WHAT TO WORK ON. Bring back every record exactly, except for the pictures, which stay out.

### DATA EXTRACTS ###

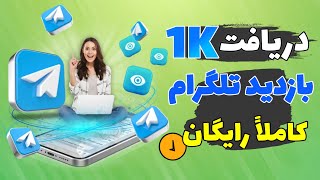 آموزش دریافت بازدید رایگان برا پست تلگرام (۱۰۰۰) مثل آب خوردن !!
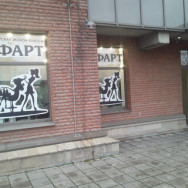 Салон красоты Фарт Санкт-Петербург,Российский проспект, 8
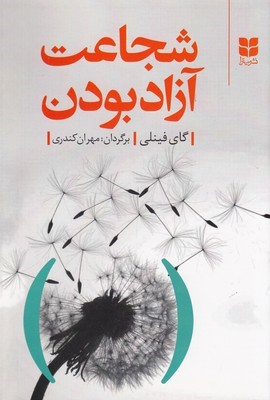 شجاعت آزاد بودن 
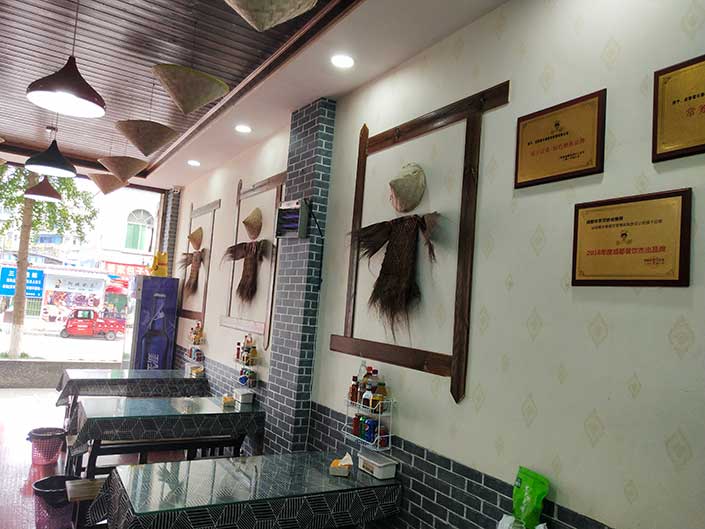 貴州遵義湄潭縣冒菜店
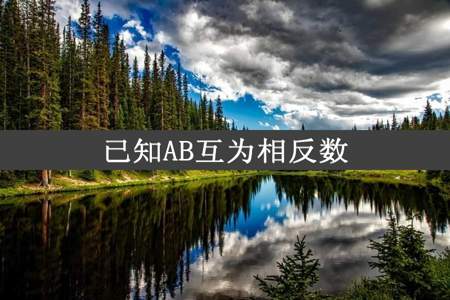 已知AB互为相反数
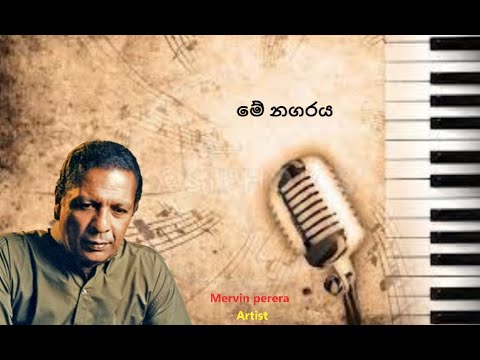 Mee nagaraya (Mervin perera) Sinhala songs Akindu udaneth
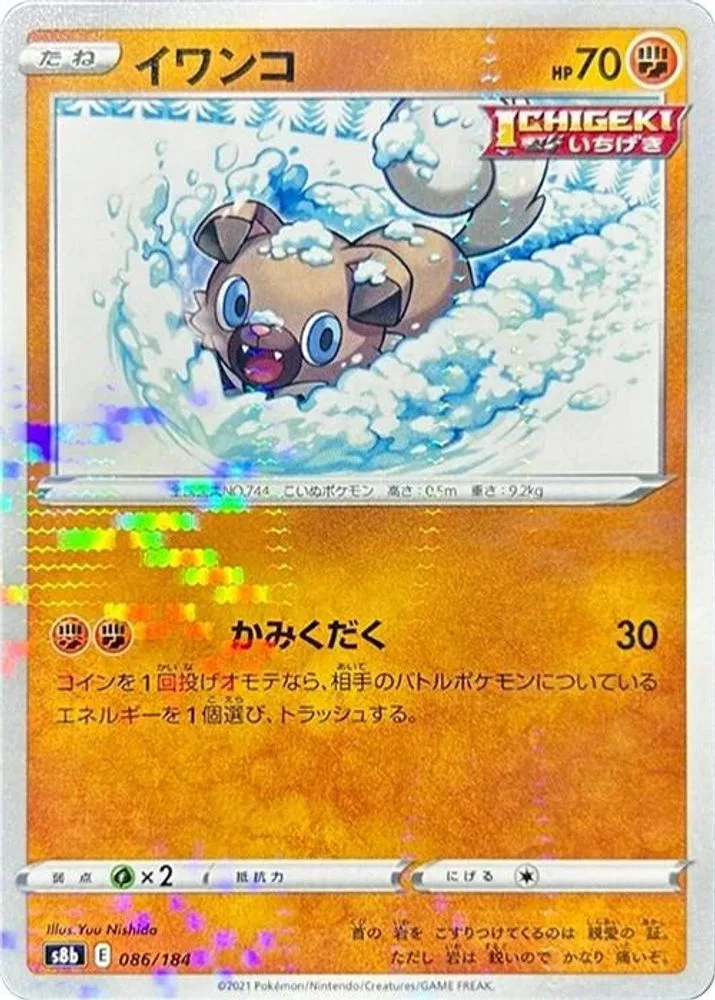 Rockruff (Mirror Holofoil)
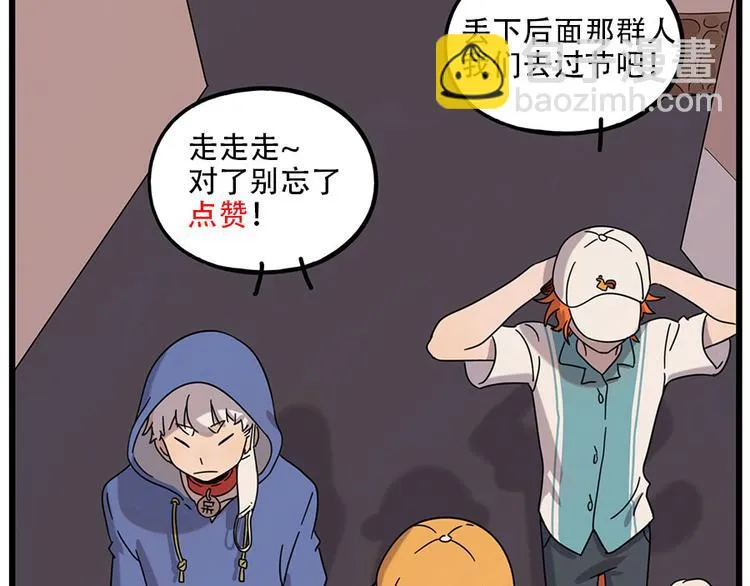 第105话 第63页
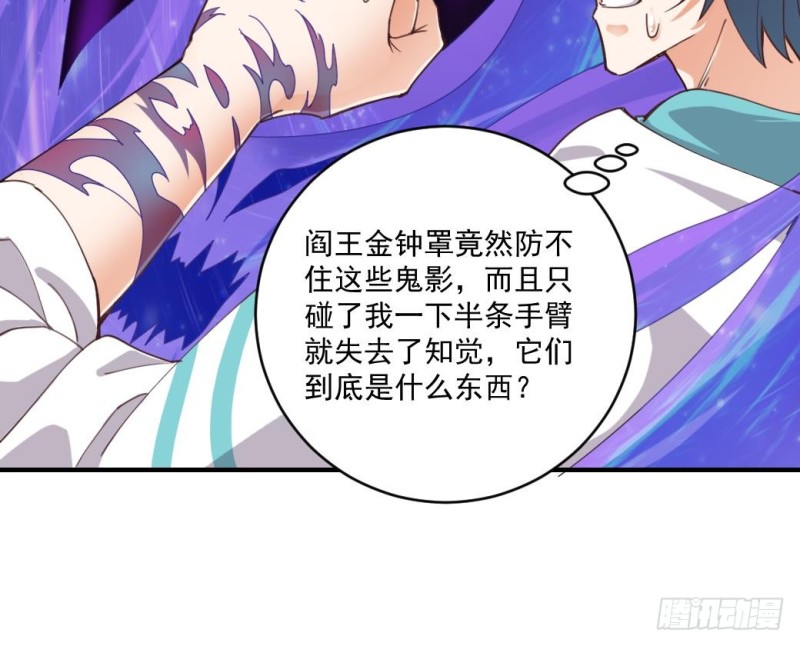 第152话 你又耍什么花招？29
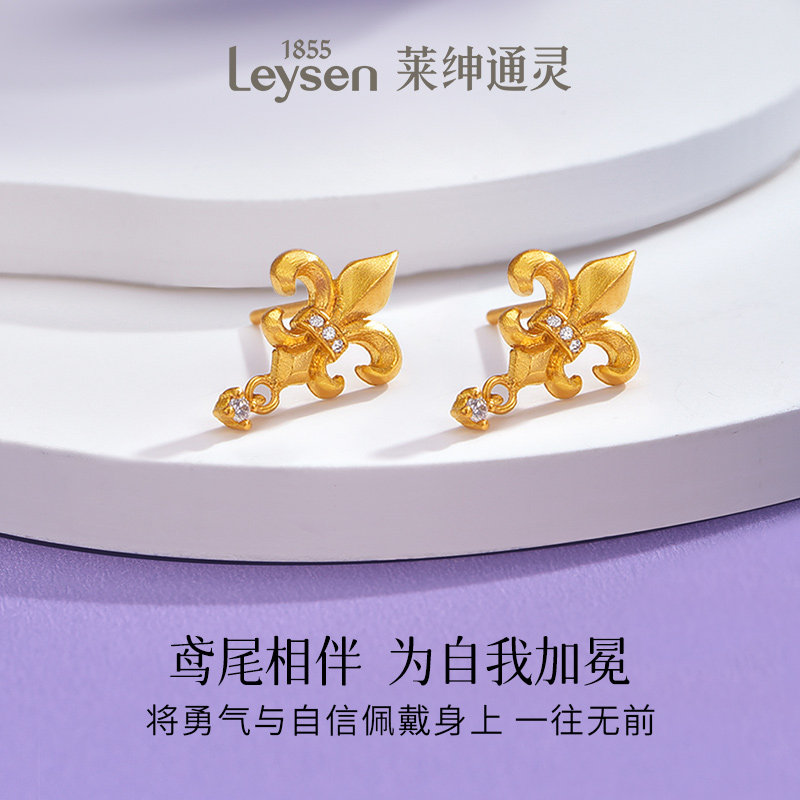 莱绅通灵传世金 鸢尾系列 鸢尾花足金999黄金钻石耳钉耳环,淘宝优惠券,粉丝福利购,淘宝优惠卷
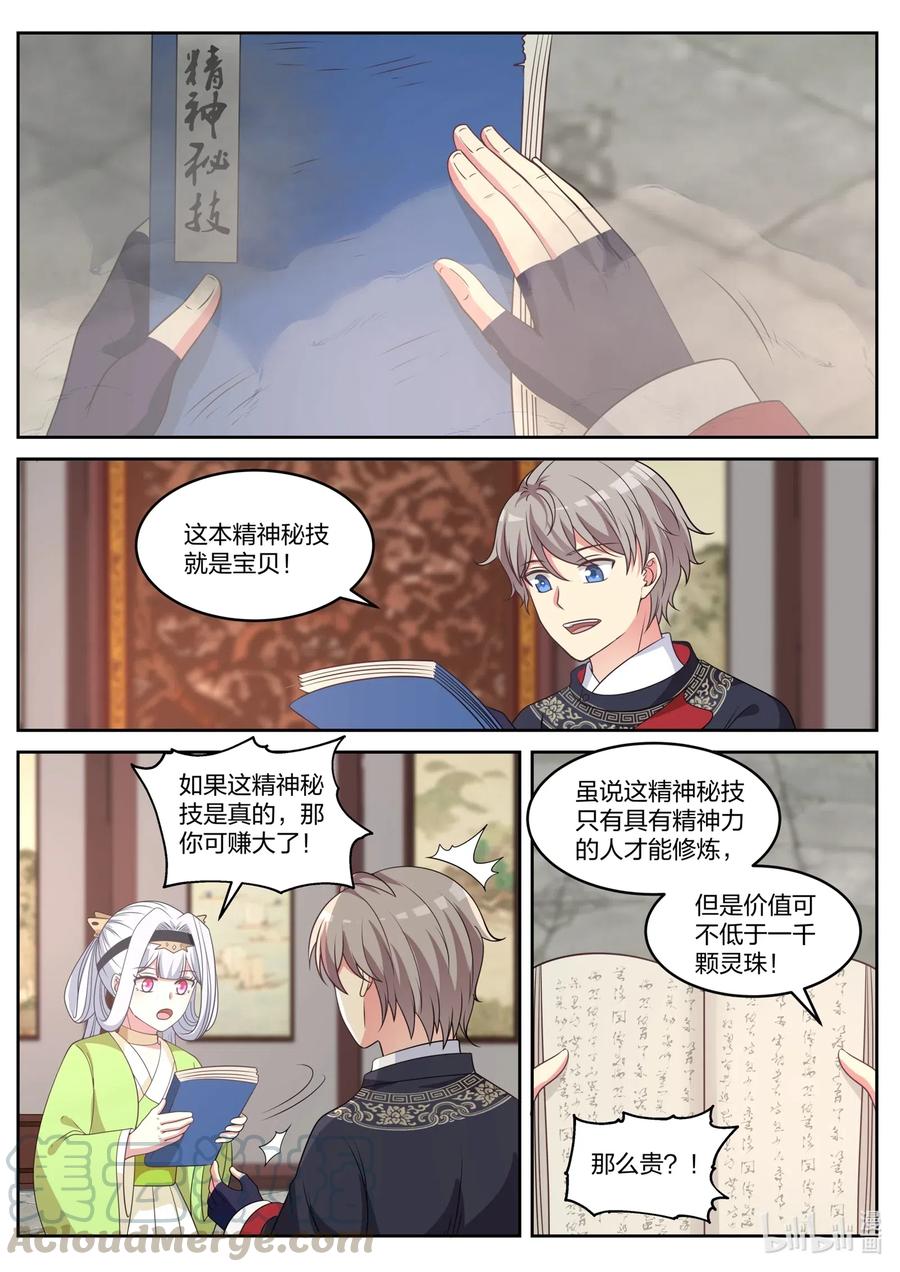 《修罗武神》049 精神秘技 第3页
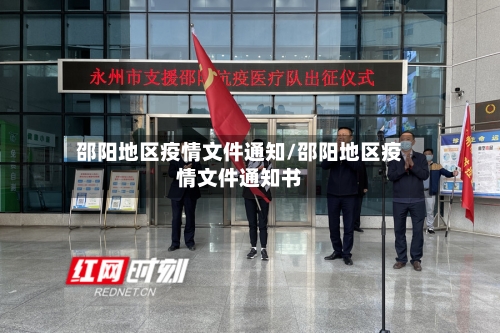 邵阳地区疫情文件通知/邵阳地区疫情文件通知书-第3张图片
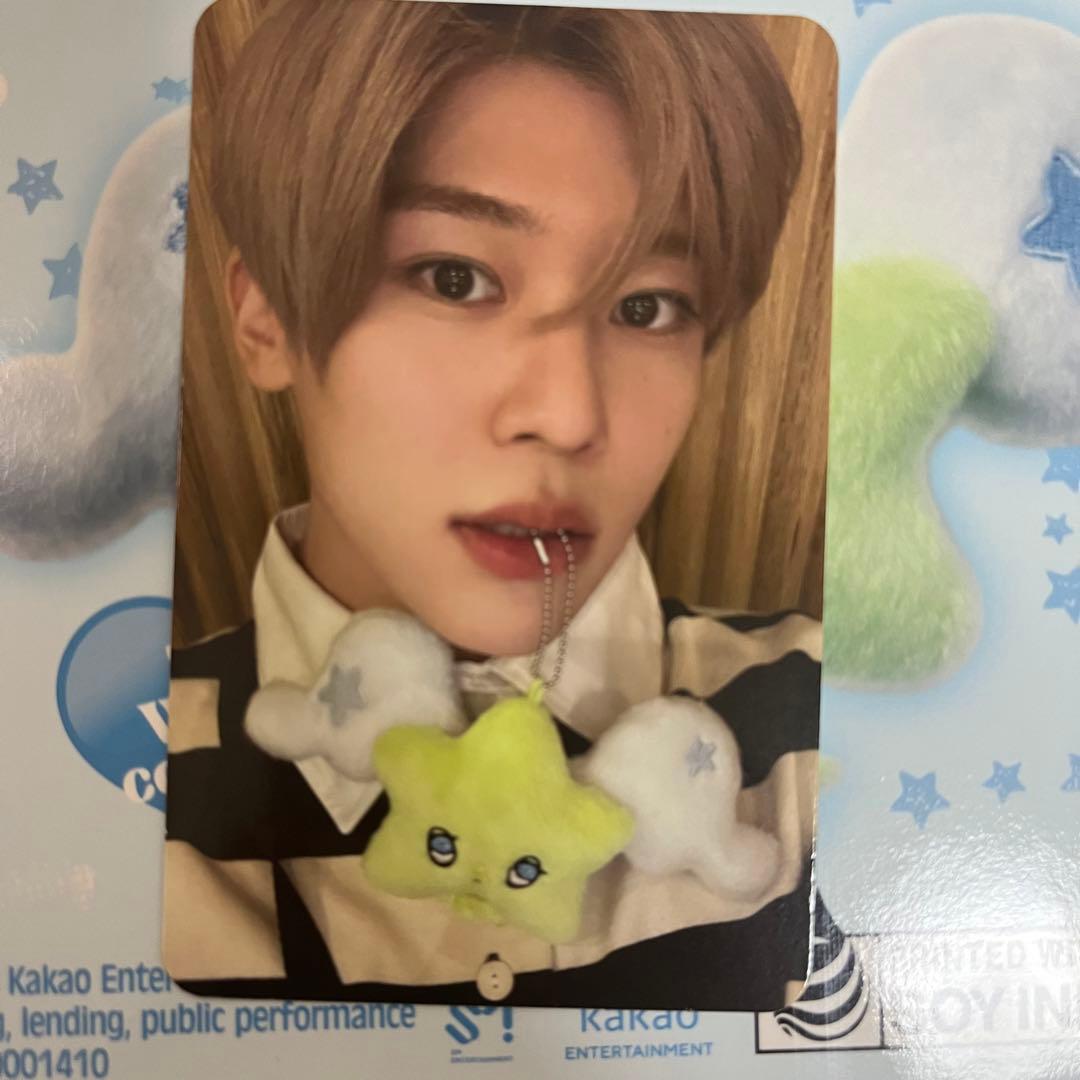 WICHU wichu ウィチュ トレカ シオン - メルカリ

###

SOLUTION TO THIS EXERCISE.
 آموزش دریافت بازدید رایگان برا پست تلگرام (۱۰۰۰) مثل آب خوردن !!
 Салон красоты Фарт Санкт-Петербург,Российский проспект, 8
 شجاعت آزاد بودن 
 貴州遵義湄潭縣冒菜店
 已知AB互为相反数
 Mee nagaraya (Mervin perera) Sinhala songs Akindu udaneth
 Rockruff (Mirror Holofoil)
 第105话 第63页
 第152话 你又耍什么花招？29
 莱绅通灵传世金 鸢尾系列 鸢尾花足金999黄金钻石耳钉耳环,淘宝优惠券,粉丝福利购,淘宝优惠卷
 《修罗武神》049 精神秘技 第3页
 邵阳地区疫情文件通知/邵阳地区疫情文件通知书-第3张图片
 WICHU wichu ウィチュ トレカ シオン - メルカリ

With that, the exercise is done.